Me correspondió estar presente como miembro del Comité. Hubo corpulencia testimonial al comprobarse la pulcritud del sistema para elegir, ventiladas las posibilidades de que ahí se sembrase la semilla de la inclusión. El periodo de inscripción agotó su tiempo. Los rostros precandidaturales están dentro. Solo se espera que los aspirantes confirmados afloren una vez que las directivas departamentales y municipales con la conjunción de otras autoridades hayan consumado los requisitos finales. Es una votación de connotación pública y no secreta donde las estructuras del partido le otorgan el respaldo al candidato de su preferencia, ya inscritos con el padrón electoral puesto en las manos y la conciencia. Mujeres y hombres alternados según las últimas disposiciones.

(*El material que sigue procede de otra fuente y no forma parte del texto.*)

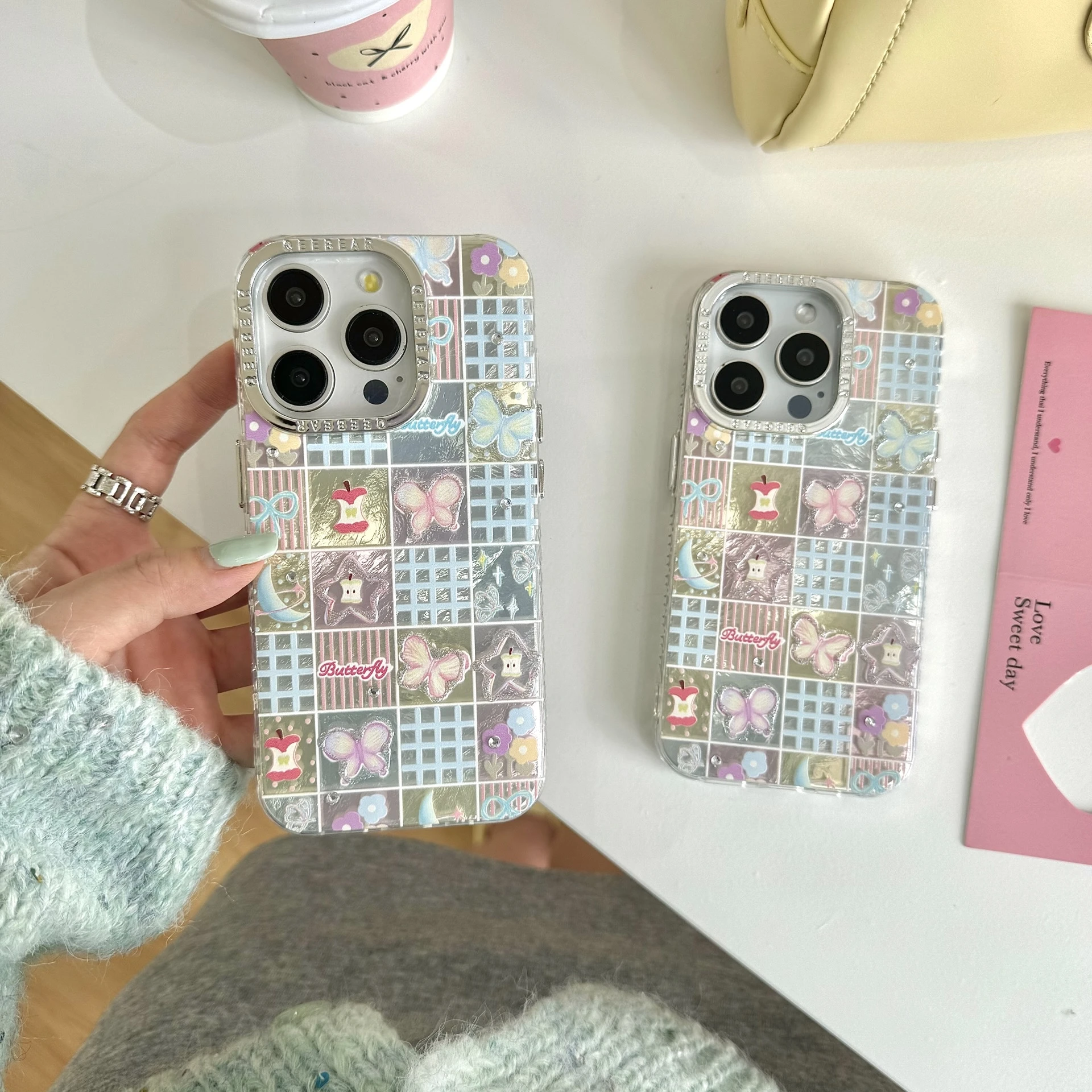 Drip glue double-deck butterfly pattern for iPhone 15Promax 15Pro 15 14 14Pro 14Promax 13 13Pro 13Promax 12Pro 12 soft shell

Creo firmemente fijando la mirada en el pasado con huellas en el presente —físicamente el tiempo no existe pero tiene ojos para ver las actitudes de los seres vivientes— sin nombres para no herir susceptibilidades, que los diputados del PLI han desempeñado una excelente función de oposición representativa dentro de las limitaciones de una minoría que no ha sido opacada por la abrumadora mayoría oficialista, aplanadora sobre la fragilidad numérica, posición en obvia desventaja que le inhibe lucir las densidades de ninguna capacidad resolutiva más que el recurso de la denuncia y ser factor defensivo incluso para enderezar alguna posición justa, ética, razonable. Capacidad para denunciar y no para resolver. Y más cuando la suma no discierne, y solo sigue el temple mecánico de la consigna, de la orden desde las alturas.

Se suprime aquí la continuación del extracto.